*** DATA Section Begins ***

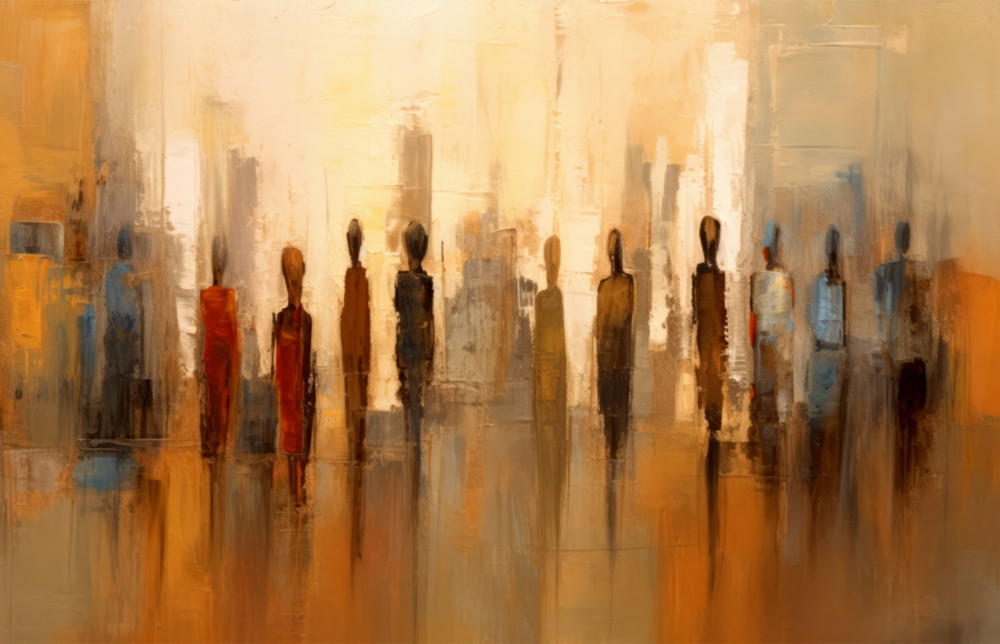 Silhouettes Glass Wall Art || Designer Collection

*** DATA Section Ends ***
*** DATA Section Begins ***

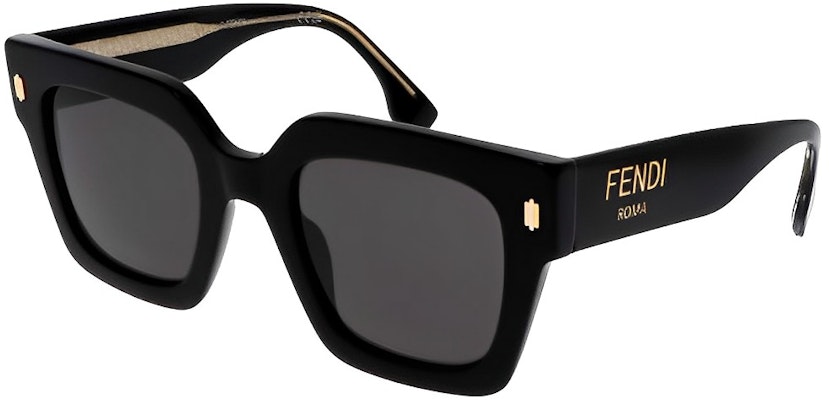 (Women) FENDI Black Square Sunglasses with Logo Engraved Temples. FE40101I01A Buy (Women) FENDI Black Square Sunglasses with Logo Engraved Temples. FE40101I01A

*** DATA Section Ends ***
*** DATA Section Begins ***

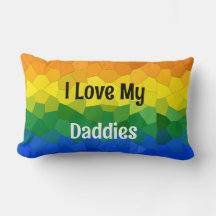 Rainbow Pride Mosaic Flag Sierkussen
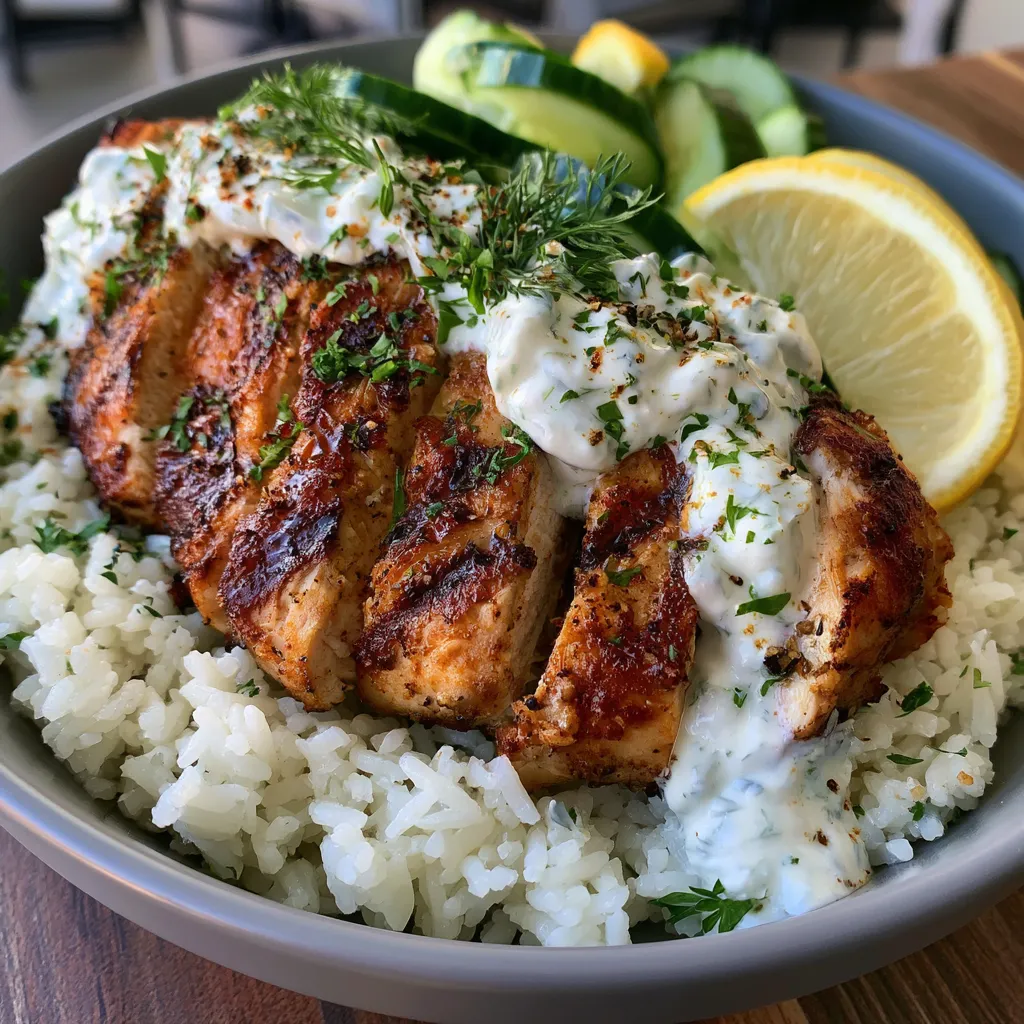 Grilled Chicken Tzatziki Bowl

*** DATA Section Ends ***

WHAT YOU SHOULD DO: For the entries above, print exactly the lines between the one with "Rainbow Pride Mosaic Flag Sierkussen" and the one with "Grilled Chicken Tzatziki Bowl", inclusive, with no pictures.

OUTPUT OF THE EXERCISE:
 Rainbow Pride Mosaic Flag Sierkussen
 Grilled Chicken Tzatziki Bowl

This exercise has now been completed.